# Task details
Only those lines running from the start of the listing below through the line that holds "Paisley Patterned Cotton" are to be written out, exactly and in full.

╭──

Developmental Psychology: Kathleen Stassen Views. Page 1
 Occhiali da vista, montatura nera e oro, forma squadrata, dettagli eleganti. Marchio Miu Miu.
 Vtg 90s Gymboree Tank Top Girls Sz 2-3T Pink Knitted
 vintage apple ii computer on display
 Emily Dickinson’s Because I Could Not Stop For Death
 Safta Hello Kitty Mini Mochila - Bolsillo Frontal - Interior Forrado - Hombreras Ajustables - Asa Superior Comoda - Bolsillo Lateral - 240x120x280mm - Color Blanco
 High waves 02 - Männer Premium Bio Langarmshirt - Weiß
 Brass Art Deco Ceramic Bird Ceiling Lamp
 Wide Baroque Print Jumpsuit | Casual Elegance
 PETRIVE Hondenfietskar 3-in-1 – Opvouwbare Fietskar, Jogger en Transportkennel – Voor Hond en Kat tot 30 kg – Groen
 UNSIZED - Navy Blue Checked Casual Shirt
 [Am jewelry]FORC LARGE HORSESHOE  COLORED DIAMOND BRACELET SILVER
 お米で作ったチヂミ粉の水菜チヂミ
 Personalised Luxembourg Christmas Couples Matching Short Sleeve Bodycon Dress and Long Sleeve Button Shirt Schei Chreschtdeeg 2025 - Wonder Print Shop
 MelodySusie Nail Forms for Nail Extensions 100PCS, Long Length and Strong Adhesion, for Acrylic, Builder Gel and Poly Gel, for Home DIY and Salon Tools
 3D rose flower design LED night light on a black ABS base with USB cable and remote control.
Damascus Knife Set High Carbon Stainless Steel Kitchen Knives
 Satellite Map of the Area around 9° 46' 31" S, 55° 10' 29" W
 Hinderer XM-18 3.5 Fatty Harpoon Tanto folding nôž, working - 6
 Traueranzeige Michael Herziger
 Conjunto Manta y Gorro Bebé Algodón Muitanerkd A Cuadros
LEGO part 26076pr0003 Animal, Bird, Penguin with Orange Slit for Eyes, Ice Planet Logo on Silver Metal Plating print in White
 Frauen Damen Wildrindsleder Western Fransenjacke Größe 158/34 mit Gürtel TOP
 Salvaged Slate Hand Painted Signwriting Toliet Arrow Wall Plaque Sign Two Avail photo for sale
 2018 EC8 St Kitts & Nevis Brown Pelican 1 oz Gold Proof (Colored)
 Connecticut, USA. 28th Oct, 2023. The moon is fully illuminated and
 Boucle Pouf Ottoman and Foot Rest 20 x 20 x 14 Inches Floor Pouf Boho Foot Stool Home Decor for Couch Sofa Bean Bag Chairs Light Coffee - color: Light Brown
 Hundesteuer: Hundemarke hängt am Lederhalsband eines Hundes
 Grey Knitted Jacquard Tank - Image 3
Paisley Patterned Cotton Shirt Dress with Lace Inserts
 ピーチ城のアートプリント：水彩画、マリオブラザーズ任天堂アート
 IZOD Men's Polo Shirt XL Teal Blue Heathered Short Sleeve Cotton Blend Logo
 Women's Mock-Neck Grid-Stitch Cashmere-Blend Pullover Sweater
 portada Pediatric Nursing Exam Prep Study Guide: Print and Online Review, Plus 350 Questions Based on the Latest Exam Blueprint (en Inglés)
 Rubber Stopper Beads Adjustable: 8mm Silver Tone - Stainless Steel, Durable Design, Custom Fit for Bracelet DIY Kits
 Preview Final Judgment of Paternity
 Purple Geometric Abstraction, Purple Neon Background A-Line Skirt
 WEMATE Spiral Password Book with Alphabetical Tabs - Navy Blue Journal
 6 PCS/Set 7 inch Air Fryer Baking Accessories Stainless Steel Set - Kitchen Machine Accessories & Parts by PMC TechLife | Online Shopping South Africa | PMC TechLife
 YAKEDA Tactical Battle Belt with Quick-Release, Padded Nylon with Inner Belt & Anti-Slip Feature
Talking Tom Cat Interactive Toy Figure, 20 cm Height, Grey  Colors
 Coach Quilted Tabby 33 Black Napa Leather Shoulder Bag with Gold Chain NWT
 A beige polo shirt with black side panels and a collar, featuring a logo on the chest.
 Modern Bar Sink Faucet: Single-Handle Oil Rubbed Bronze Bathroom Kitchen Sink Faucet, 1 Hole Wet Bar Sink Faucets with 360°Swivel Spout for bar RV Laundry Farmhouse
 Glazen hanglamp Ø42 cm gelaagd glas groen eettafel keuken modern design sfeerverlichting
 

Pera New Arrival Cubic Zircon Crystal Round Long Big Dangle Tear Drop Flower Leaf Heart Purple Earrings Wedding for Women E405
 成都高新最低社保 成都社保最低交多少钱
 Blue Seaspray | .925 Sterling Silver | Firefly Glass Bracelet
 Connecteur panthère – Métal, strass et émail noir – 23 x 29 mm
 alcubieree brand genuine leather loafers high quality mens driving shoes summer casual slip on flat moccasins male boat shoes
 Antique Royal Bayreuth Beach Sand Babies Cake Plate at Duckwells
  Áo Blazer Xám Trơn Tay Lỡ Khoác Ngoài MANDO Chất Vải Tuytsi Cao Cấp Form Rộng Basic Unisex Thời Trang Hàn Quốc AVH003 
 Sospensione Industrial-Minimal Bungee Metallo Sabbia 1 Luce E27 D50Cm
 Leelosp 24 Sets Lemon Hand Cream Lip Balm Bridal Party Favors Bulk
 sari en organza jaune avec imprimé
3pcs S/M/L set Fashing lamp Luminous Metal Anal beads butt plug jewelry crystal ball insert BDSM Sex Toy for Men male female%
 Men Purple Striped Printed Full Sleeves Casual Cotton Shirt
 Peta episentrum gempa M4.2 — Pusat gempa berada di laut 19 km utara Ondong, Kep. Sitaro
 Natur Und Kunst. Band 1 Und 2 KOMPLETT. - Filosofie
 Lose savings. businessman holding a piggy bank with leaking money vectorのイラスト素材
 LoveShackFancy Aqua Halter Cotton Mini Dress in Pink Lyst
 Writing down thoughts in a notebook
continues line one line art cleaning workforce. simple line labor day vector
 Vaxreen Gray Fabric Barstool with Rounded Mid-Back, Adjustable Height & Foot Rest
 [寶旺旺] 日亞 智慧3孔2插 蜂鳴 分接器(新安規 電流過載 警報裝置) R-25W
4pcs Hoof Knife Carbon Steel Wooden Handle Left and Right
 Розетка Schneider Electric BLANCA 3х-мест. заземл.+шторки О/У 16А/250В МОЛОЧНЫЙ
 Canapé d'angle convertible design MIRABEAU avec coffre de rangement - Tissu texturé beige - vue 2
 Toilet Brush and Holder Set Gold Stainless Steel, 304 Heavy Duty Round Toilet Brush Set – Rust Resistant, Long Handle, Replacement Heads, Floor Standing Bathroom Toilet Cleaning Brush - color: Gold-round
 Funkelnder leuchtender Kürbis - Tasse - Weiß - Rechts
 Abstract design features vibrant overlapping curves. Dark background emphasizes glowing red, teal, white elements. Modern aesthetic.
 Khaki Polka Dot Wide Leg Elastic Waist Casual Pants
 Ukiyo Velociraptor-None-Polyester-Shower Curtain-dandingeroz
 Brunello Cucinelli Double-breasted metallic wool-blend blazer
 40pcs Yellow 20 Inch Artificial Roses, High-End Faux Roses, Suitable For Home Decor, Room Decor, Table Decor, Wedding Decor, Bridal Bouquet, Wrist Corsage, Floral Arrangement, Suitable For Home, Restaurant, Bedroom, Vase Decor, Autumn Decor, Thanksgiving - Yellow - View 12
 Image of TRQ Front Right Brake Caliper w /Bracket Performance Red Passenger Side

╰──

# Response to this exercise
Developmental Psychology: Kathleen Stassen Views. Page 1
 Occhiali da vista, montatura nera e oro, forma squadrata, dettagli eleganti. Marchio Miu Miu.
 Vtg 90s Gymboree Tank Top Girls Sz 2-3T Pink Knitted
 vintage apple ii computer on display
 Emily Dickinson’s Because I Could Not Stop For Death
 Safta Hello Kitty Mini Mochila - Bolsillo Frontal - Interior Forrado - Hombreras Ajustables - Asa Superior Comoda - Bolsillo Lateral - 240x120x280mm - Color Blanco
 High waves 02 - Männer Premium Bio Langarmshirt - Weiß
 Brass Art Deco Ceramic Bird Ceiling Lamp
 Wide Baroque Print Jumpsuit | Casual Elegance
 PETRIVE Hondenfietskar 3-in-1 – Opvouwbare Fietskar, Jogger en Transportkennel – Voor Hond en Kat tot 30 kg – Groen
 UNSIZED - Navy Blue Checked Casual Shirt
 [Am jewelry]FORC LARGE HORSESHOE  COLORED DIAMOND BRACELET SILVER
 お米で作ったチヂミ粉の水菜チヂミ
 Personalised Luxembourg Christmas Couples Matching Short Sleeve Bodycon Dress and Long Sleeve Button Shirt Schei Chreschtdeeg 2025 - Wonder Print Shop
 MelodySusie Nail Forms for Nail Extensions 100PCS, Long Length and Strong Adhesion, for Acrylic, Builder Gel and Poly Gel, for Home DIY and Salon Tools
 3D rose flower design LED night light on a black ABS base with USB cable and remote control.
Damascus Knife Set High Carbon Stainless Steel Kitchen Knives
 Satellite Map of the Area around 9° 46' 31" S, 55° 10' 29" W
 Hinderer XM-18 3.5 Fatty Harpoon Tanto folding nôž, working - 6
 Traueranzeige Michael Herziger
 Conjunto Manta y Gorro Bebé Algodón Muitanerkd A Cuadros
LEGO part 26076pr0003 Animal, Bird, Penguin with Orange Slit for Eyes, Ice Planet Logo on Silver Metal Plating print in White
 Frauen Damen Wildrindsleder Western Fransenjacke Größe 158/34 mit Gürtel TOP
 Salvaged Slate Hand Painted Signwriting Toliet Arrow Wall Plaque Sign Two Avail photo for sale
 2018 EC8 St Kitts & Nevis Brown Pelican 1 oz Gold Proof (Colored)
 Connecticut, USA. 28th Oct, 2023. The moon is fully illuminated and
 Boucle Pouf Ottoman and Foot Rest 20 x 20 x 14 Inches Floor Pouf Boho Foot Stool Home Decor for Couch Sofa Bean Bag Chairs Light Coffee - color: Light Brown
 Hundesteuer: Hundemarke hängt am Lederhalsband eines Hundes
 Grey Knitted Jacquard Tank - Image 3
Paisley Patterned Cotton Shirt Dress with Lace Inserts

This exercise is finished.